Sprecher et son équipe ont assigné au hasard des groupes de 10 ou 18 anémones étoilées à des essais appariés dans lesquels des impulsions lumineuses et électriques coïncidaient ou à des essais non appariés dans lesquels les impulsions lumineuses et électriques étaient désynchronisées. Ils ont utilisé une petite décharge électrique pour faire rétracter les tentacules des animaux et les ont entraînés en leur donnant la décharge en même temps qu’une lumière ou à des moments différents. Ils ont ensuite testé leurs réactions à la lumière seule. Les animaux qui ont reçu la lumière et le choc électrique en même temps pendant l’entraînement ont adapté leur comportement et ont réagi à la lumière seule après le conditionnement.
Les tentacules d’une anémone étoilée (Nematostella vectensis). (Université de Fribourg)
Dans le groupe qui avait reçu le choc en même temps que la lumière, 72 % des animaux ont rétracté leurs tentacules à la lumière seule. C’est plus du double du taux de réaction (30 %) des animaux entraînés à recevoir le choc et la lumière à des moments différents.
En utilisant un logiciel pour suivre la longueur du corps des animaux à chaque étape du test, l’équipe a également mesuré l’ampleur des rétractions. Ils ont constaté que la longueur maximale de la rétraction était significativement plus longue chez les animaux entraînés avec le choc et la lumière ensemble par rapport au groupe non apparié.
Selon les chercheurs :
Dans l’ensemble, ces animaux ont manifesté une réponse comportementale quantitativement et qualitativement différente de celle des animaux témoins qui ont reçu des stimuli non appariés.
Toutefois, on ne sait toujours pas si les cnidaires partagent les mêmes types de neurotransmetteurs ou de neuromodulateurs que nous, tels que la sérotonine ou la dopamine, et il est possible que l’apprentissage associatif ait évolué indépendamment chez ces animaux. Les chercheurs notent que :
Dans la plupart des organismes modèles, des circuits neuronaux définis et des mécanismes moléculaires responsables de formes spécifiques de mémoire ont été identifiés.
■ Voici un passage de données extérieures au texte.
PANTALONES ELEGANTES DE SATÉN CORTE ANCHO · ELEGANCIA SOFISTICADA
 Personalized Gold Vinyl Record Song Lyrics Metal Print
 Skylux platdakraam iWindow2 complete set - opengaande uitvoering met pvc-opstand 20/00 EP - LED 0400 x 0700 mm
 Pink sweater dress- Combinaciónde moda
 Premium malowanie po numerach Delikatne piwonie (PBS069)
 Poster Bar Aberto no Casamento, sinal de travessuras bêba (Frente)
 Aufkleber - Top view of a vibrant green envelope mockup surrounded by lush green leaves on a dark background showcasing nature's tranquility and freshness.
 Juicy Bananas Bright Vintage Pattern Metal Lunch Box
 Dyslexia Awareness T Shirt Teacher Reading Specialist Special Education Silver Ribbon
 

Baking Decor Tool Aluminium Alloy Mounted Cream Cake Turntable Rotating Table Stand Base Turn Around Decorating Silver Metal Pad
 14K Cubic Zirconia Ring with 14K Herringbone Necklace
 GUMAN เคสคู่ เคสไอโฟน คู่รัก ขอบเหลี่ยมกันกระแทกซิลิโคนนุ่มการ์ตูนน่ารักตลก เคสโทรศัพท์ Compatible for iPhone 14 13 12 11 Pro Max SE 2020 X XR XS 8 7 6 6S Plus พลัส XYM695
Ils suggèrent que cette capacité d’apprentissage des cnidaires est un exemple de « cognition incarnée » et incite à la recherche sur la structure de la mémoire dans les organismes qui n’ont pas de cerveau typique.
Selon Sprecher :
Nous savons très peu de choses sur le fonctionnement du processus d’apprentissage chez les animaux dotés d’un système nerveux apparemment simple. Nous disposons donc du cadre nécessaire pour approfondir nos recherches.
Leurs travaux ont été publiés dans la revue Proceedings of the National Academy of Sciences : Associative learning in the cnidarian Nematostella vectensis et présentée sur le site de l’Université de Fribourg : Is It Possible to Learn without a Brain?